Dr Wendy Hermeston’s thesis -- ‘Safe, protected . . . connected? The best interests of Aboriginal children and permanency planning in the NSW care and protection system’ -- challenges Australia’s law makers, particularly the law reforms introduced over the last decade in NSW intended to achieve stability for children in care but, as Dr Hermeston asserts, have taken Indigenous people and families backwards. The thesis argues that the law is out of step with the Indigenous community interviewed in this study and leaves little room for understandings about child-rearing and family life that fall outside Eurocentric constructs.
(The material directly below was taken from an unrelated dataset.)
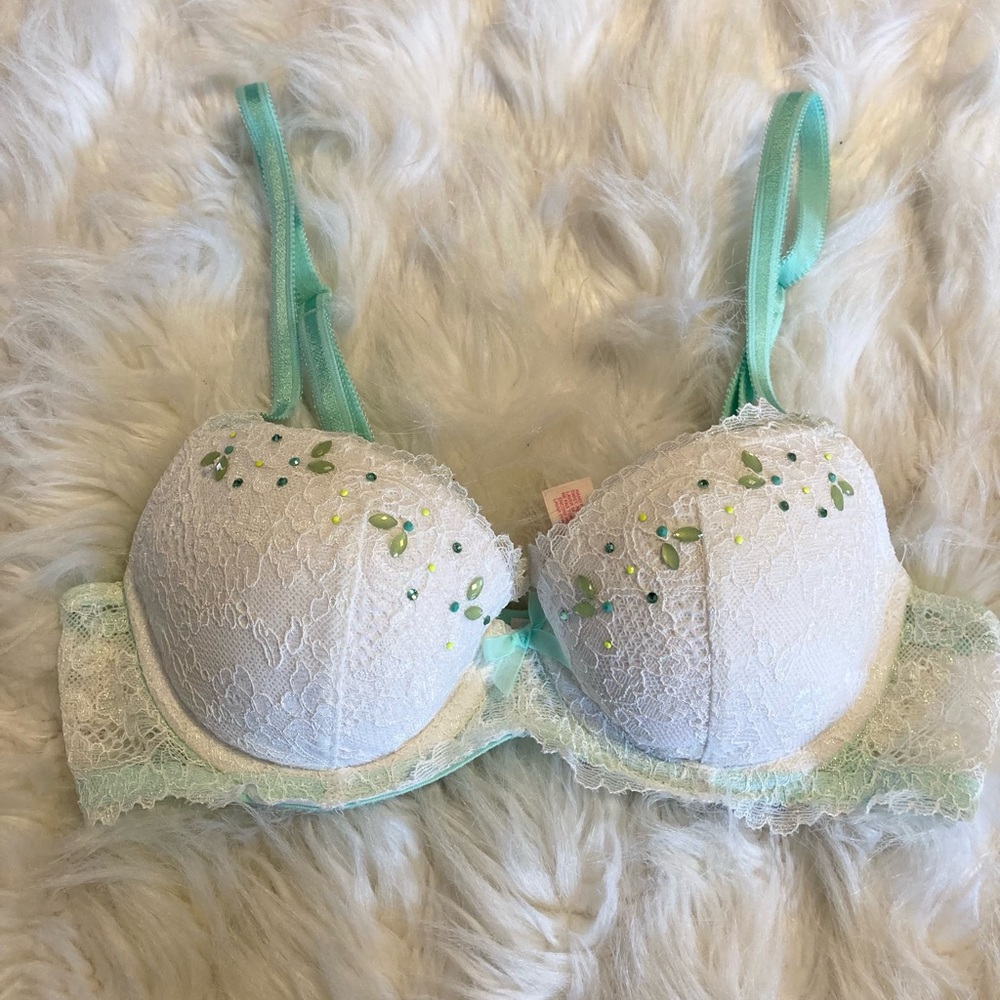 NWOT VS Bra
This qualitative study centres Aboriginal voices in the child welfare discourse and shares new knowledge about the long-held knowledge and concepts of Aboriginal communities and families.
The judging panel for the 2023 Stanner Award, consisting of Professor Bronwyn Carlson, Emeritus Professor Tim Rowse, and Emerita Professor Jane Simpson, described the three shortlisted theses as "exciting," "compelling," and "beautifully written." They also noted that the theses held "great lessons."
AIATSIS Acting CEO Leonard Hill will announce the winner of the 2023 Stanner Award in late October.